- Directed by: R. Sarath
- Written by: R. Sarath
- Screenplay by: R. Sarath
- Story by: R. Sarath
- Produced by: Jyothikrishnan Dr.Sumithran Lakshmipriya
- Starring: Nedumudi Venu Indrans Jagadheesh Nandu Praveena Malavika Menon
- Cinematography: Sajan Kalathil
- Edited by: K Sreenivas
- Music by: Isaac Thomas Kottukappalli
- Distributed by: Epic Cinema
- Release date: 2 December 2016;
- Country: India
- Language: Malayalam

= Buddhanum Chaplinum Chirikkunnu =

Buddhanum Chaplinum Chirikkunnu is a 2016 Malayalam-language film directed by R. Sarath.

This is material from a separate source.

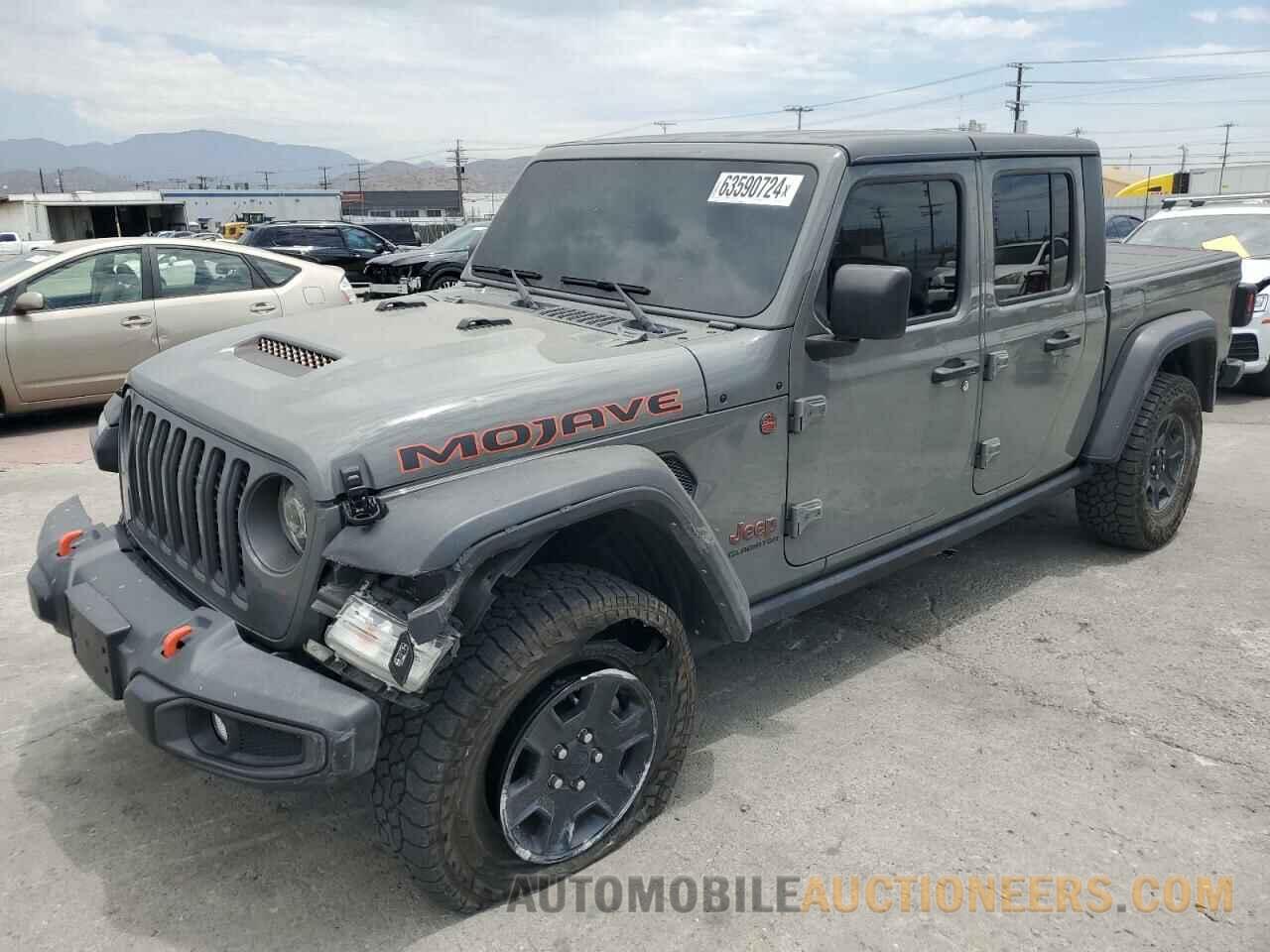 1C6JJTEG0NL153970 JEEP GLADIATOR 2022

The film stars Indrans, with Jagadheesh, Nedumudi Venu, Nandu, P. Balachandran, Praveena, Sharvari Jamenis, and Malavika Menon in supporting roles.

==Plot==
It is a hundred years since Charlie Chaplin, artist nonpareil, appeared on the silver screen mesmerising audiences across the globe. His signature moustache and derby that have left their indelible imprint on the annals of film history. Buddhanum Chaplinum Chirikkunnu is a film that pays homage to Chaplin at the centennial commemoration of his acting career. The film portrays an Indian comedian, Indragupthan, who idolises Chaplin. He believes his life resembles Chaplin's and nurtures the desire to depict his hero on the big screen. However, he rules out a blind imitation of the late legend. The narrative revolves around his disintegrating family life and his quest for true love. The dilemma that ensues is the crux of the story. In the struggle to discover himself Indragupthan is entrapped in a world of make belief. The film is a unique marriage of the serious and the comic - one complementing the other. Indragupthan realises finally that the wheel of life has left him stranded in the twilight zone between real and unreal.

==Production==
It was in news that actresses Asha Sarath and Lakshmi Gopalaswamy has denied to play the female lead role in the film opposite Indrans. Later the director R. Sarath himself clarified that it was just gossip. Later Praveena was confirmed to play the role. Sasthamkotta and Kollam were shooting locations.